How managers prep for meetings

Managers spend 35 to 50 percent of their time in meetings. The difference between productive meetings and wasted ones usually comes down to preparation. An unprepared manager shows up, listens to updates they could have read, makes ad-hoc decisions without context, and leaves without clear next steps. A prepared manager arrives with a brief, drives toward decisions, and leaves with assigned action items. Prep does not need to be long, but it needs to happen.

Steps

1. Review the meeting purpose before anything else

Ask yourself: What is this meeting for? Decision, brainstorm, status update, or alignment? If you cannot answer, the meeting may not need to happen. If it does, the purpose shapes your prep: decisions need options and data, brainstorms need a clear prompt, status updates need a template.

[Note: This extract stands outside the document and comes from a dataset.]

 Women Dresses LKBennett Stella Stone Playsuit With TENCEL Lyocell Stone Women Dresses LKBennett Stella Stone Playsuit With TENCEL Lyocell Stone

2. Prepare your position on key decisions

For meetings where you will be asked to decide or weigh in, review the relevant data beforehand. Form a preliminary view so you are not processing information live. Note what additional information would change your position, and ask for it before the meeting.

3. Pull together open action items from previous meetings

Check your tracking list for any items assigned to this group or these attendees. Knowing what is still open prevents re-litigating old topics and holds people accountable. A life assistant can surface these from your action item list.

4. Draft desired outcomes and time limits for each agenda item

For each topic, write one sentence describing what ‘done’ looks like. Assign a time limit. Share this mini-agenda with attendees so they arrive aligned. This alone reduces meeting overrun by 20 to 30 percent.

Why use a life assistant for this?

A life assistant can generate per-meeting briefs with context, open action items, and desired outcomes. Managers prep for an entire day of meetings from one prompt instead of reviewing scattered notes for each session.

Frequently asked questions

How much time should managers spend prepping per meeting?

5 to 10 minutes for routine meetings, 15 to 30 minutes for high-stakes ones. The return on prep time is high: a 10-minute prep often saves 20 minutes in the meeting by avoiding tangents, missing context, and rehashed discussions.

What if I manage too many meetings to prep for all of them?

Prioritize meetings where you are the decision-maker or where outcomes directly affect your team. For the rest, delegate attendance or request a written summary. Not every meeting deserves your prep time, and recognizing that is a management skill.